Recorded information:
^^^^^^^^

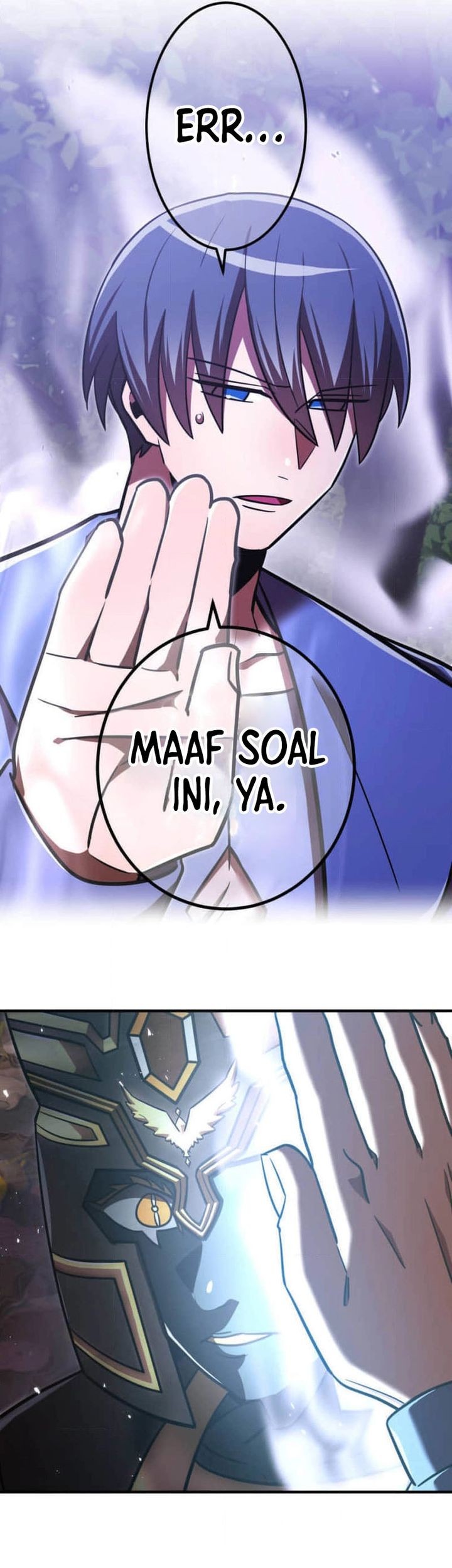 Chapter 109 - halaman 48
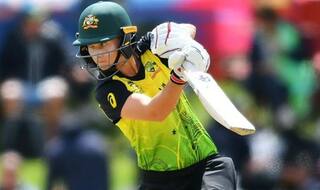 Women’s T20 WC: Meg Lanning on Win Over New Zealand, Says ‘Best Performance of The Tournament’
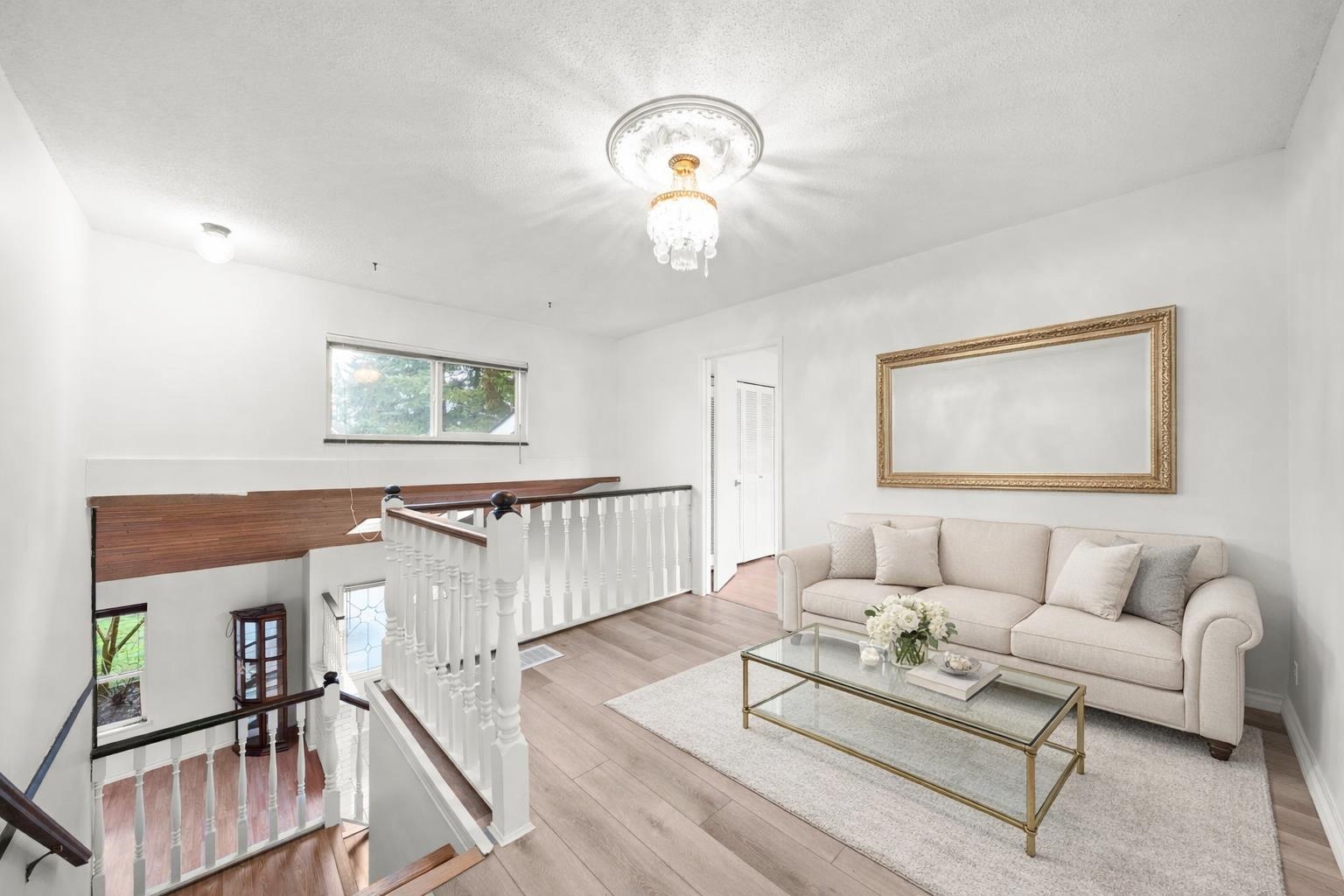 1140 LANSDOWNE DRIVE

^^^^^^^^

Exercise aim: Please repeat every line of the material above exactly and without its pictures.

Response:
 Chapter 109 - halaman 48
 Women’s T20 WC: Meg Lanning on Win Over New Zealand, Says ‘Best Performance of The Tournament’
 1140 LANSDOWNE DRIVE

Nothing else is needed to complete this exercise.